◆ Task data ◆
···

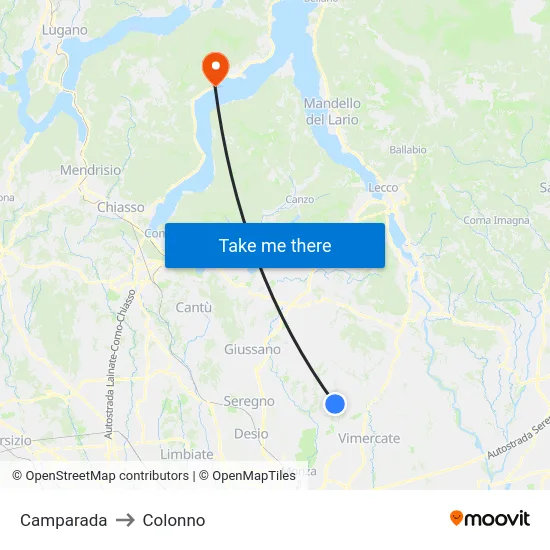 Camparada to Colonno map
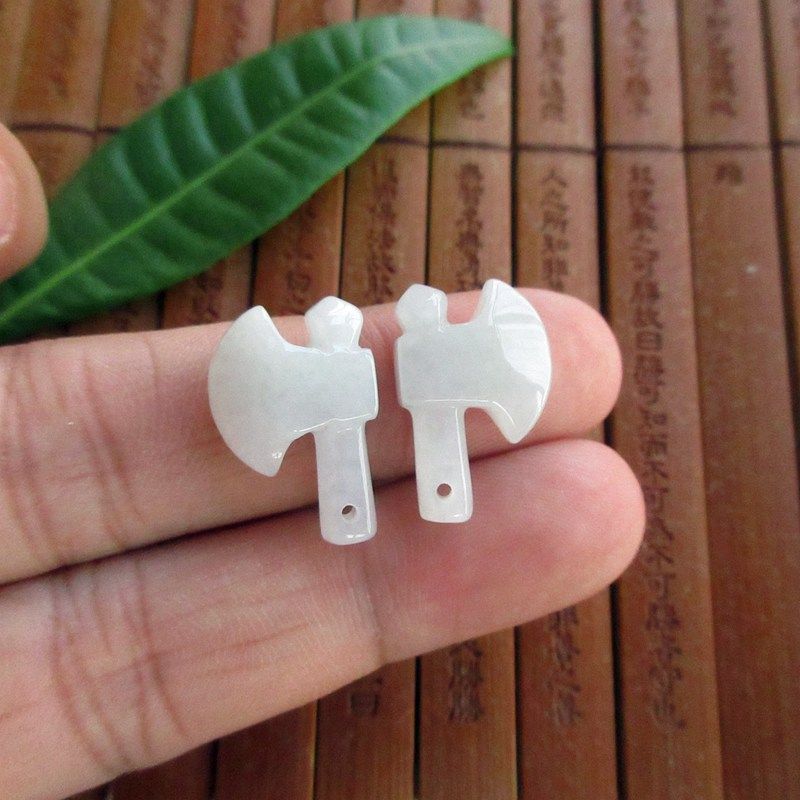 保真DIY配件小斧头小坠子一对21105-1缅甸玉天然A货翡翠玉玉琳阁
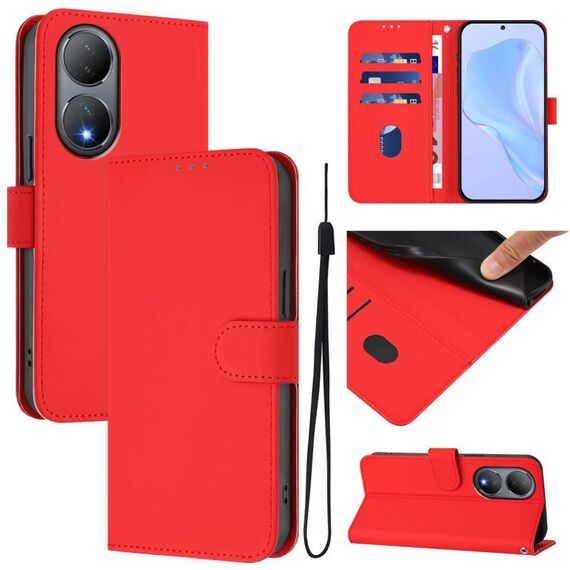 Per vivo Y100 5G Custodia per telefono in pelle tinta unita con cordino Global Skin Feel (rosso)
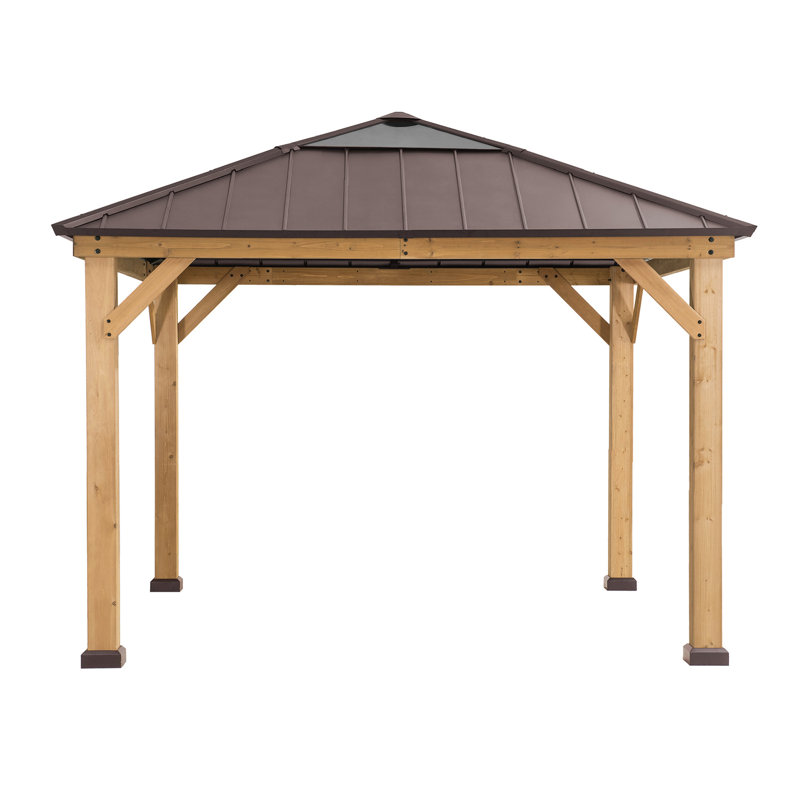 Sunjoy Hardtop Gazebo 11 x 11 ft. Standard Cedar Framed Wood Gazebo with Brown Steel and Polycarbonate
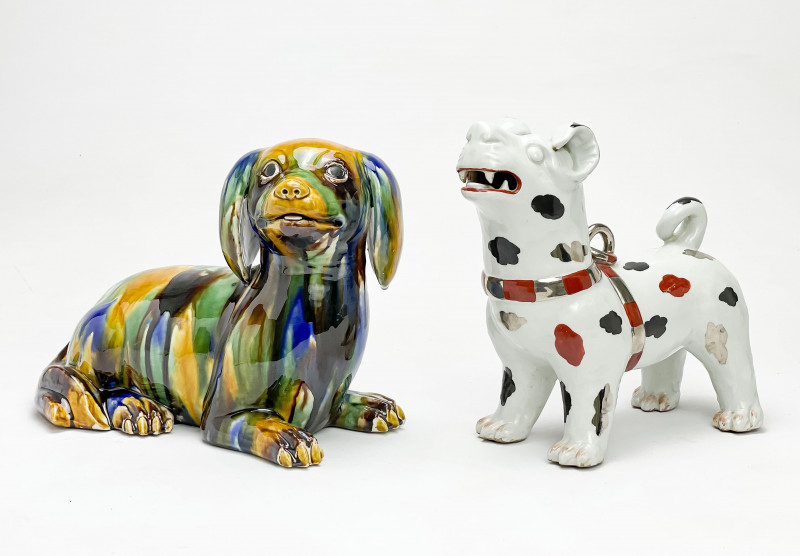 2 ASIAN CERAMIC FIGURES OF DOGSseated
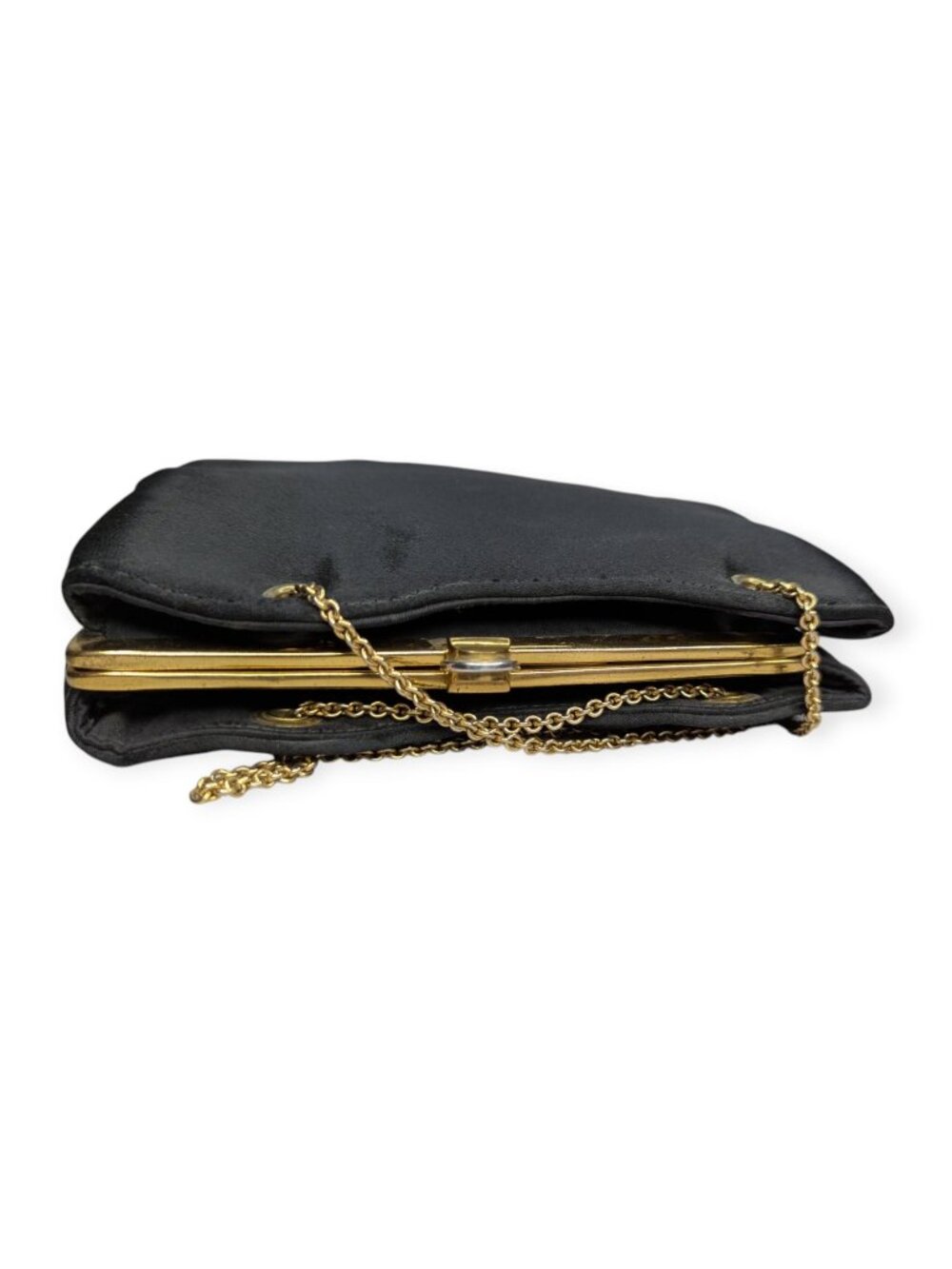 Ande Classic Black Shoulder Evening Bag with Adjustable Gold Tone Chain Strap - Picture 10 of 15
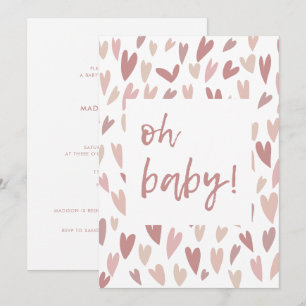 Modern Hearts Pink Girl Oh Baby Shower Invitation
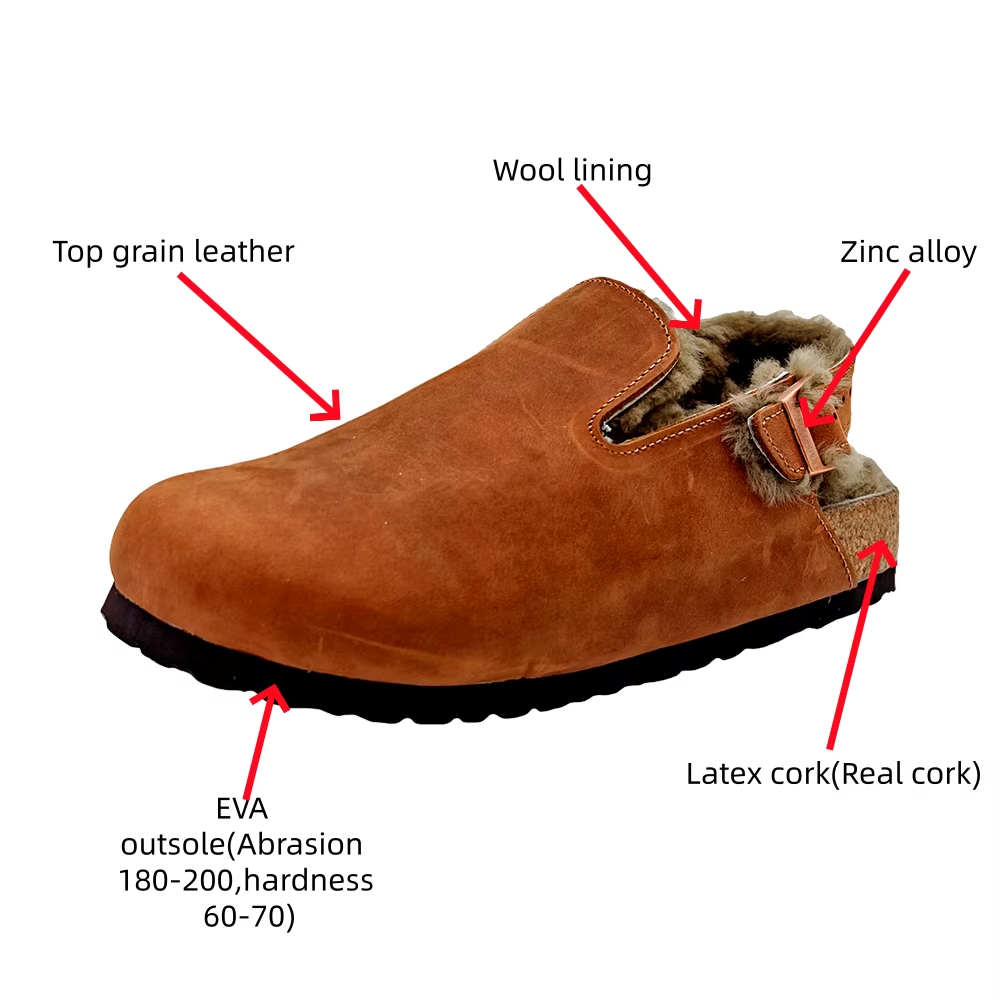 JHC-WC13 | Premium Winter Wool-Lined Latex Cork Clogs angle 4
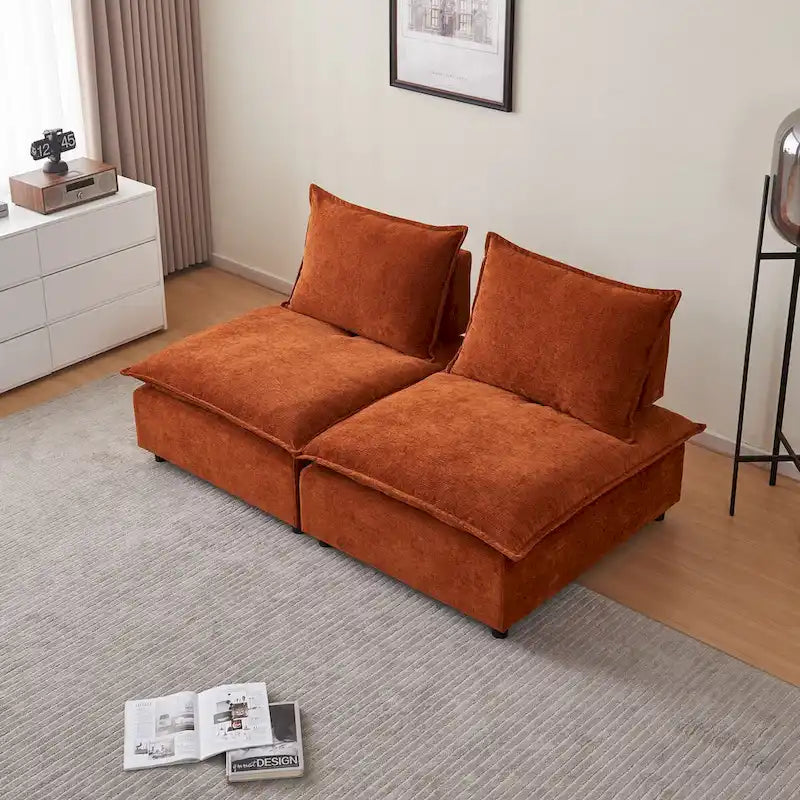 Fauteuil d'appoint sans accoudoirs, canapé simple avec ottoman - Design compact, siège peu encombrant pour salon, chambre à coucher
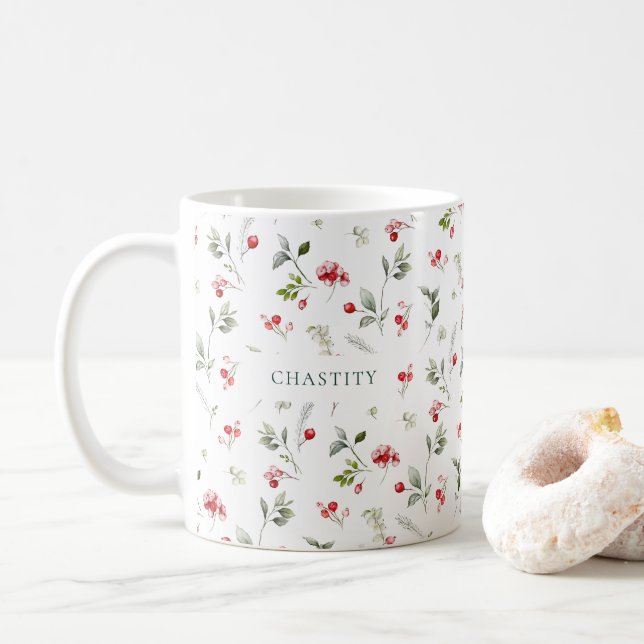 Caneca de Casamento de Natal com Buquê de Berry Ve (Com Donut)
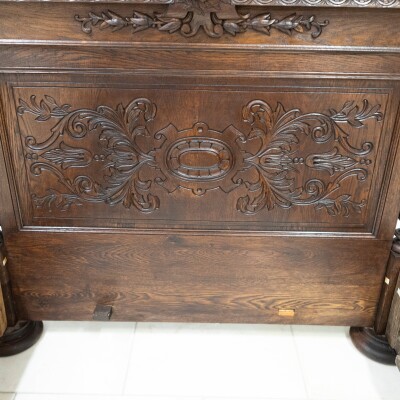 Antique Heavily Carved Continental Four Posted Bed | European Double
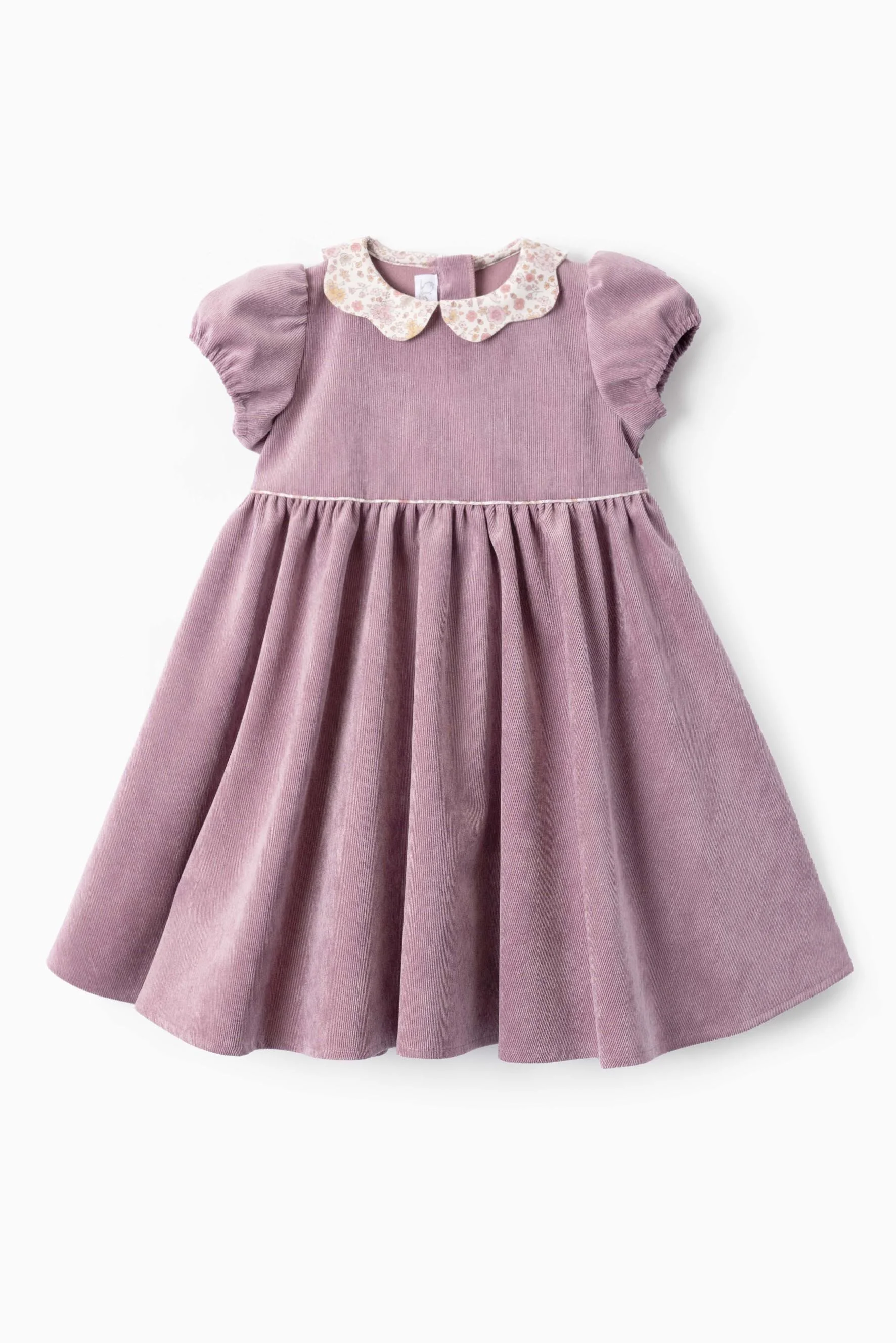 Vestito bambina velluto malva e fiore con topolini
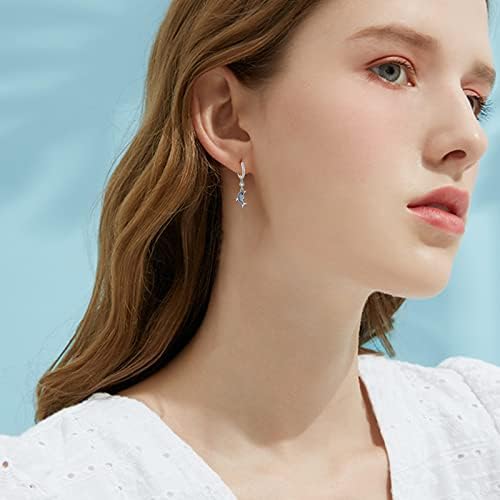 Silver Dolphin Earrings, Cute Animal Dolphin Hoops Drop Earrings, Joyful Ocean Love kindness Energy Dolphin Earrings, 925 Sterling Silver/Aquamarine Dolphin Earrings, Jewelry Gifts For Girls Women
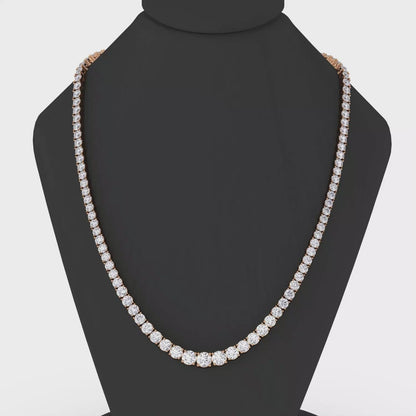 Graduated Lab-Grown Diamond Tennis Necklace – 14K Gold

···

◆ How to complete this task ◆
Every line from the one containing "Silver Dolphin Earrings, Cute" to the final line of the records should be duplicated exactly; no picture is to be copied.

◆ Written answer ◆
 Silver Dolphin Earrings, Cute Animal Dolphin Hoops Drop Earrings, Joyful Ocean Love kindness Energy Dolphin Earrings, 925 Sterling Silver/Aquamarine Dolphin Earrings, Jewelry Gifts For Girls Women
 Graduated Lab-Grown Diamond Tennis Necklace – 14K Gold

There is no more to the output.